Here’s the weird/cruddy part: Mr. Book and I discovered that we currently feel pretty neutral about Cricket. As soon as they left (at 6:30, and yet we were exhausted), Mr. Book and I started talking about that. I’ve come up with several possible reasons for the change:

  • Cricket is very clearly someone else’s child at this point. He looks different, has a different diet, and even behaves differently than he would if we were parenting him. He is honestly kind of annoying right now, which is I think partially just his developmental age (constant screeching) and partially their parenting (they have apparently chosen not to teach Cricket about using what I grew up calling an “inside voice”). I’ve heard birth parents talk about it being hard to watch someone else parent a placed child—perhaps this is my version of that feeling.
  • The seven-month gap between visits this time was the longest we’ve ever gone without seeing him. Nora mentioned hearing from someone that at this age, seeing someone once or twice per year is really a lot, and I smiled and thought Oh, please. We don’t see him and the relationship withers.
  • Joey. This might be the most interesting one, and it’s certainly the one I feel worst about. At one point, I was watching Cricket and though, I know what “my son” feels like, and this ain’t it. It makes me wonder how much of my grief was a longing to parent. Let me make something clear: I don’t think this would have happened if we had a close relationship with Cricket. But as it is, almost the entire connection was in my head, being maintained on a wish and a prayer. I can stop worrying about Cricket hating me for awhile; he doesn’t know me well enough to care.

I still feel a strong sense of obligation to Cricket, but I’m tired of having my hand sapped by his moms. Ruth asked whether we’d like to talk to him on the phone some time, and I responded quickly—Love to! Name the time!—and she never mentioned it again. After checking with her about his diet, I made brownies for them (him) at the visit: he wasn’t allowed to have one. Okay, you win. At dinner, Nora suggested that we should Skype with Cricket, and our response was disinterested: maybe. We’ll see. You can’t get us to reach out after nothing again right now. I gave a couple of shirts and a pair of shoes that he’ll probably never wear, and I just feel done. If they want to talk, they can reach out (okay, I did email them visit pictures they’d ask for). I’m not holding my breath.

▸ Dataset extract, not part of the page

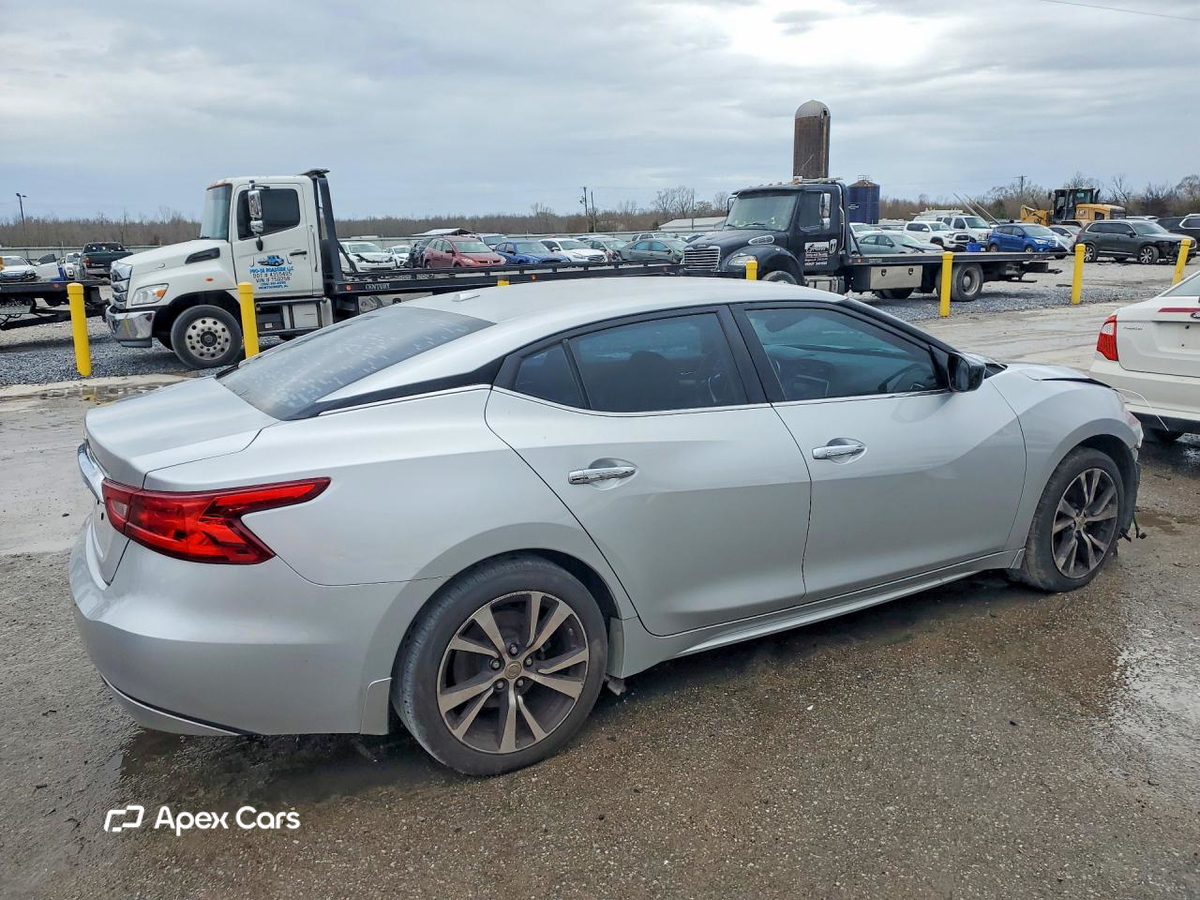 Nissan Maxima 2018
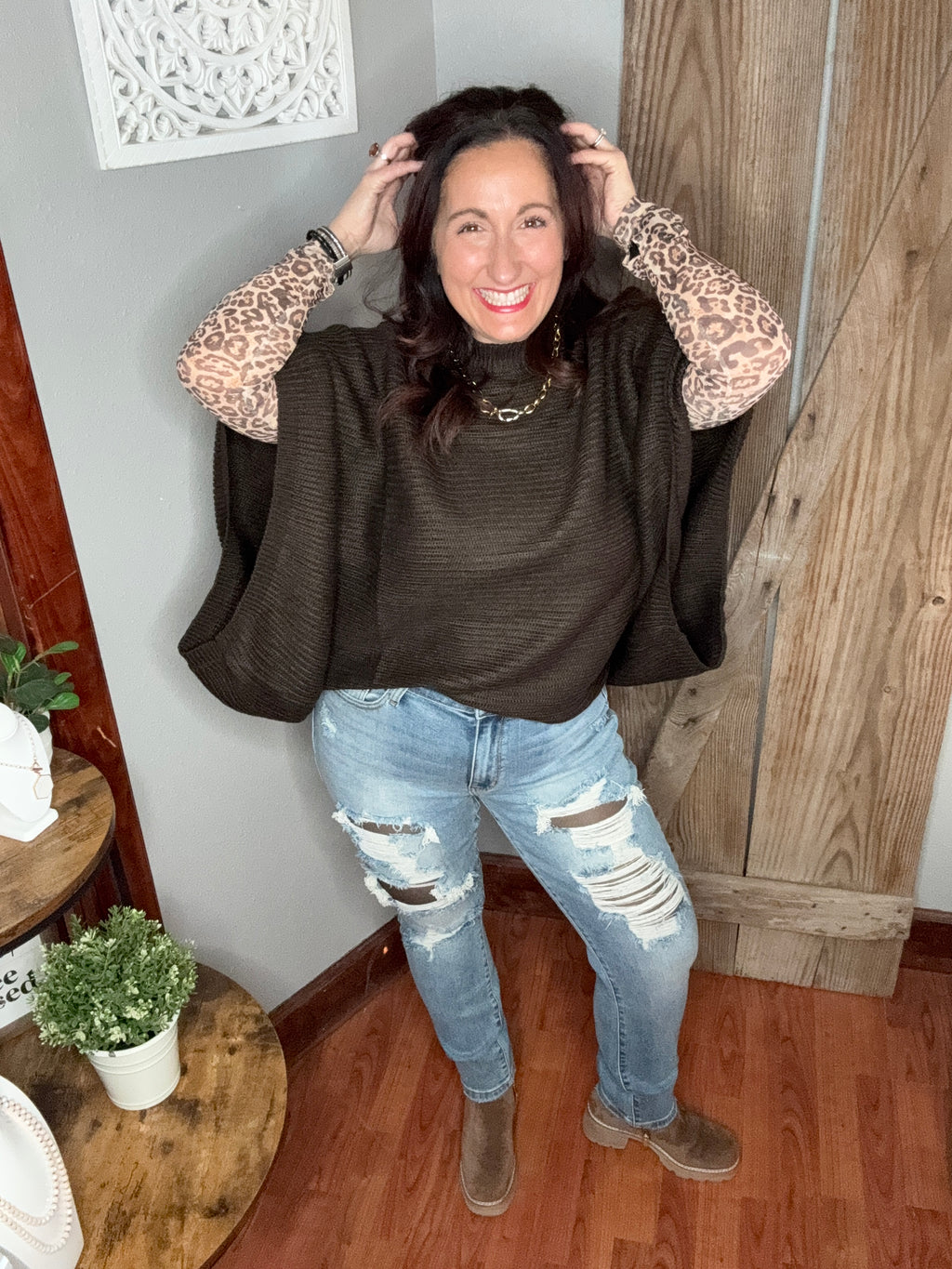 Meg Pullover Poncho Chocolate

That said, we’ll still do the same things for Cricket that we have been: holiday cards, birthday and Christmas gifts. But I’m not emailing or calling them, or trying to set up a visit, or even mailing them the pants they forgot here until they say something. I’m at the end of some kind of rope.

What You Were Born To

I’ve got a confession, a question, and a request.

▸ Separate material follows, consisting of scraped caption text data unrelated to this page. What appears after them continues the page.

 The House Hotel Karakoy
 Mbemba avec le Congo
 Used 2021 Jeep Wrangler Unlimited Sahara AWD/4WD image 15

Before I ever got pregnant or really seriously realized that I could, I had two girl names and two boy names; I wanted to have two kids, probably, you see. I kept tweaking the second boy name, but the others were sure. And then, when I was pregnant with Cricket—knowing that his name would be changed—I didn’t give him any of them. They’re all family names, or at least all have family names in them, and Cricket wasn’t going to be part of our family, so. I gave him a family name after all—his first name is the same as his birthdad’s—and then I picked out an excellent saint for the middle. I’d give that middle name here, but in the end, they kept it. Who knew. Here’s the thing: I didn’t give him the name I would have given a boy I thought of as my son. I feel a bit guilty about that now, but I can’t imagine giving him one of the two only to see it changed and gone.

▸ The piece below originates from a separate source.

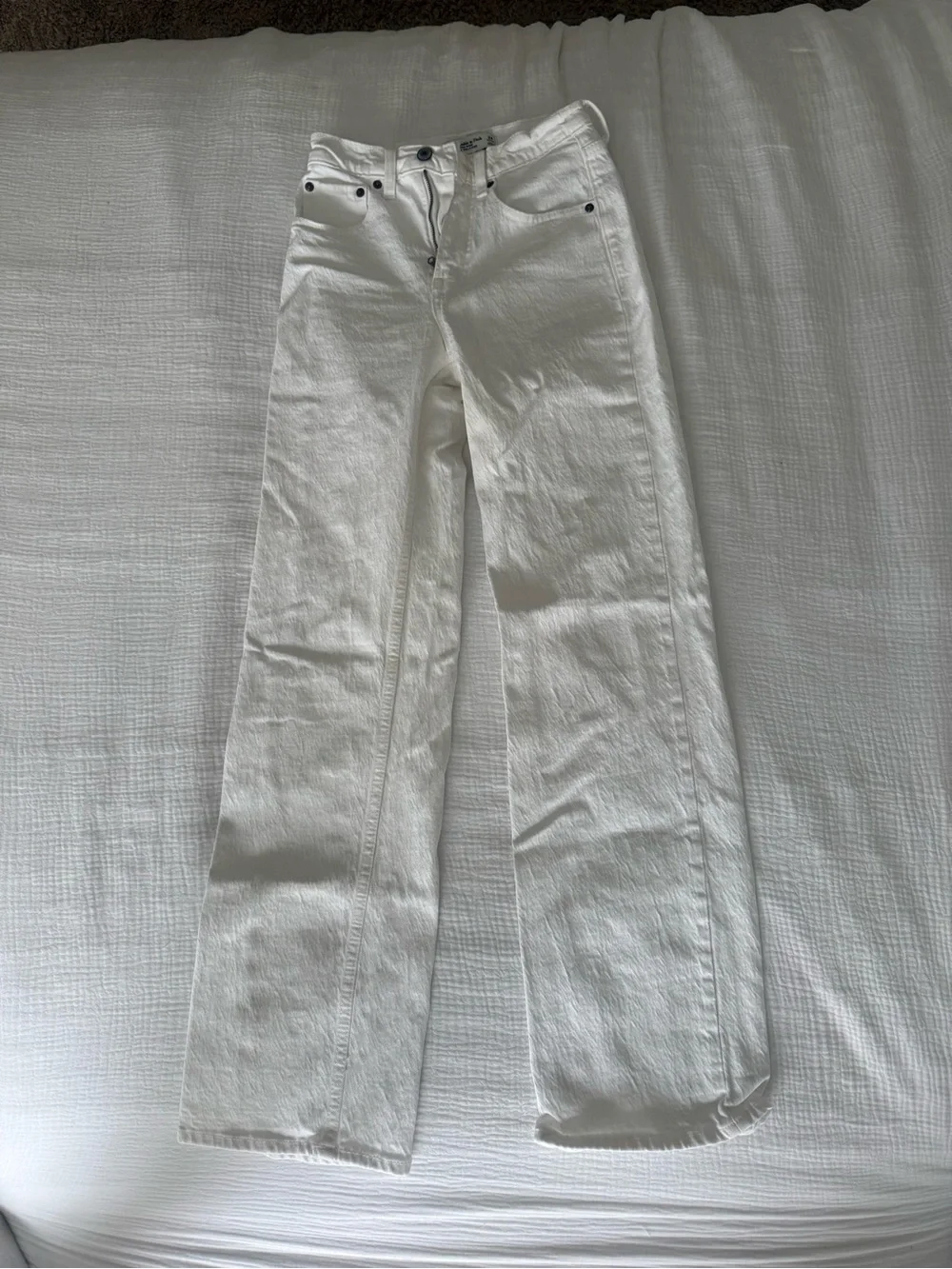 Abercrombie & Fitch White Straight-Leg Women's Jeans - Picture 4 of 4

Which brings me to my question, which is also my request. How have other people done this? If you’re an adoptive parent, do you know whether the name on the OBC is the name your child’s firstparents would have given a child they planned to raise? Did you all pick out a name together? Did you keep whatever name the birthparents chose? None of the above? For other birth/first parents . . . shoot, you can see this one coming. Did you give a name you would have named a child you planned to keep? Did you get to name your child at all? And any adoptees: What do you think about all of this? That one’s also for everyone, I reckon.


I also want to know how bad I should feel, which probably no one but Cricket can tell me. Joey’s name is top to bottom Book ancestral stuff, first, middle, and nick-. It is very not Jewish. I think a little of my guilt on this is tied up irrationally with the fact that when Ruth and Nora were deciding between their top two name picks (and wanted my opinion while I was in labor, I suspect as a tiebreaker) I didn’t like either one, and don’t like their choice still. Of course they still would not have kept his birth name if I had given him one of the “really my child for real” names, and I still wouldn’t like his name now, but I’m not a super logical person.

The Unnumbered Questions

Well, O Solo Mama put up some questions about open adoption, and I’m one of the people taking a swing—I’m trying out the questions that came before the list, however. I addressed a couple of the others over on Dawn‘s blog, but it turns out I wasn’t quite finished.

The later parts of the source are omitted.